Lack of Isolation: Legacy systems often have components that are tightly coupled, making it difficult to isolate changes. This lack of isolation makes it challenging to apply the Boy-Scout Rule without risking system-wide effects.
Inadequate Test Coverage: Legacy systems often lack comprehensive test coverage, making it risky to refactor code or add new features. Without a robust suite of tests, it's difficult to ensure that changes made to improve the code won't introduce new bugs or regressions.
Resistance to Change: Legacy systems are often critical to business operations, and there can be significant resistance to making changes that could potentially disrupt these operations. This resistance can limit the ability to make incremental improvements to the codebase.

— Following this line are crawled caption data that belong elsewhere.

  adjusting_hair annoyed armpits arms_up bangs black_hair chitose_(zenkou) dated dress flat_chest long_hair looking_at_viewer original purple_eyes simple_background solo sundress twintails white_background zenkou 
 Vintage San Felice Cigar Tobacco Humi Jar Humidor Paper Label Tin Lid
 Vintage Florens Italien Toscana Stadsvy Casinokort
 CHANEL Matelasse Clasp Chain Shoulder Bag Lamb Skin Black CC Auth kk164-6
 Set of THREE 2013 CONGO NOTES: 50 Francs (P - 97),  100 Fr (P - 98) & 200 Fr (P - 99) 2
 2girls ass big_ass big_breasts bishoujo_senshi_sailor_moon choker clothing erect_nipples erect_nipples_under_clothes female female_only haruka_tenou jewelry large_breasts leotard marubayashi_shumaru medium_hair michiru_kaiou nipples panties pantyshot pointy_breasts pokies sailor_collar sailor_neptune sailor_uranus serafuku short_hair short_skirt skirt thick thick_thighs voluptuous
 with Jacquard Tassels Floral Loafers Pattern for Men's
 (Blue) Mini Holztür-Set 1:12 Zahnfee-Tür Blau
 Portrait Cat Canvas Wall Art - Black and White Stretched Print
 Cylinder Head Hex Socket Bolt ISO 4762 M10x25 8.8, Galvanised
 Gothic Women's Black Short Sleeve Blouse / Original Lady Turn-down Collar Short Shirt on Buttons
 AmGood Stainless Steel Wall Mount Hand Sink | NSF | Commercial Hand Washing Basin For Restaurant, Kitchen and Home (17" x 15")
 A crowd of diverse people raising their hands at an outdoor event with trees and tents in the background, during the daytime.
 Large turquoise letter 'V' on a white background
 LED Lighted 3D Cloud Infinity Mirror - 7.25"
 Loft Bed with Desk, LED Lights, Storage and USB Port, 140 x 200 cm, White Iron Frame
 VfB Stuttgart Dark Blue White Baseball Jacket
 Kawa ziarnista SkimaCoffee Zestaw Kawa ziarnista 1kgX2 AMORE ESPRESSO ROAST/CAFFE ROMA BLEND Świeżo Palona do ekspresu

Technical Debt: Legacy systems often carry significant technical debt, which can make it difficult to improve the code incrementally. The Boy-Scout Rule assumes that developers have the ability to clean up code as they go, but in a legacy system, the level of technical debt can be so high that this isn't feasible.
Lack of Documentation: Legacy systems often lack up-to-date documentation, making it difficult to understand the system's intricacies and dependencies. This lack of understanding can limit the ability to improve the code incrementally.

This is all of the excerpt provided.